Indonesia: Non-food products tap into huge Muslim market in Halal boom

Non-food products tap into huge Muslim market in halal boom Marketing expert Yuswohady said the boom in non-food and beverage brands introducing halal certified products was a strategy to win the hearts of the huge Muslim market in Indonesia, which is almost 90 percent of the estimated population of 260 million people.  (Shutterstock/GeorginaCapture)

Indonesia’s growing Muslim consumer base has inspired companies to promote the halal label in their products, even if the brands sell non-food products.

Ahead of the fasting month of Ramadhan, Sharp Electronic Indonesia launched its halal-certified refrigerator, claiming the electronic product was the first halal fridge in Indonesia. Some consumers have been perplexed about the halal label being used on a product that can’t be digested, however the company argued the fridge would store the foods to justify the label.

“What is the meaning of a halal fridge? Does it mean the raw material of the fridge is halal? I do not understand. Is it only a marketing gimmick?” Those were some of the questions that came to Ifad Maulidi’s mind when he heard about the halal fridge for the first time.

The 23-year old banker always looks for the halal certification in food and beverage products and some cosmetics, but the halal certificate on an electronic product was new for him.
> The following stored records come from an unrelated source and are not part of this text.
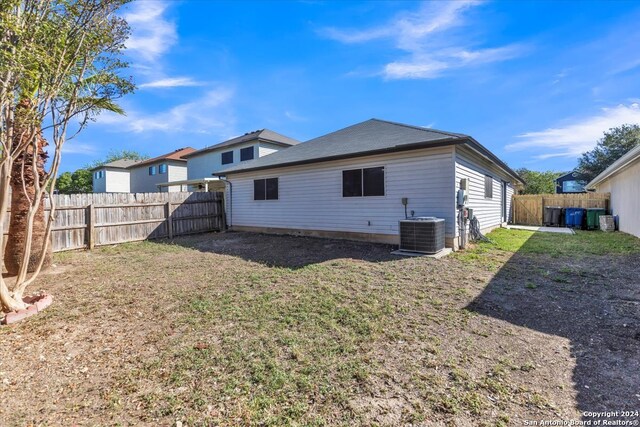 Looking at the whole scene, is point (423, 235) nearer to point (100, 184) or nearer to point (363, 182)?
point (363, 182)

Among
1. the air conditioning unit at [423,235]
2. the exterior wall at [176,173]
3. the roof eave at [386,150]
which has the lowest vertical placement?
the air conditioning unit at [423,235]

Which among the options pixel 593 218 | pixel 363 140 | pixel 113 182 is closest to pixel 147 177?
pixel 113 182

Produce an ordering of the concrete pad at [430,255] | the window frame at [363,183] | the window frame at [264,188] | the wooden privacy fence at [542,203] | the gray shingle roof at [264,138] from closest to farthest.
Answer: the concrete pad at [430,255], the window frame at [363,183], the window frame at [264,188], the wooden privacy fence at [542,203], the gray shingle roof at [264,138]

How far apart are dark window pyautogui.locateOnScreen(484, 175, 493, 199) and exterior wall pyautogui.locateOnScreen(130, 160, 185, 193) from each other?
25.0 m

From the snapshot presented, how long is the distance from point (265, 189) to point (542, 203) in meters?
14.4

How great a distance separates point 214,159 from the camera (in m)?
22.6

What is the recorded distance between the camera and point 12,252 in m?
5.73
The Indonesia Ulema Council (MUI), the institution that issues halal certifications, has seen a rise in the use of the halal label for non-edible products besides cosmetics. In 2016, a hijab brand, Zoya, announced in an advertisement that its hijabs were the first to receive halal certification from MUI. The ad caused controversy because other hijab producers were offended. Later, Zoya’s creative director, Sigit Endroyono, apologized during a press conference in Bandung, West Java, because their ad was perceived as accusing other hijab brands of being haram.

However, the controversy surrounding the “halal hijab” did not stop other companies from following suit. More and more brands have acquired halal certificates including Total Almeera halal detergent, Softex halal sanitary pads, Power Cat halal cat food and Medina halal plastic food containers.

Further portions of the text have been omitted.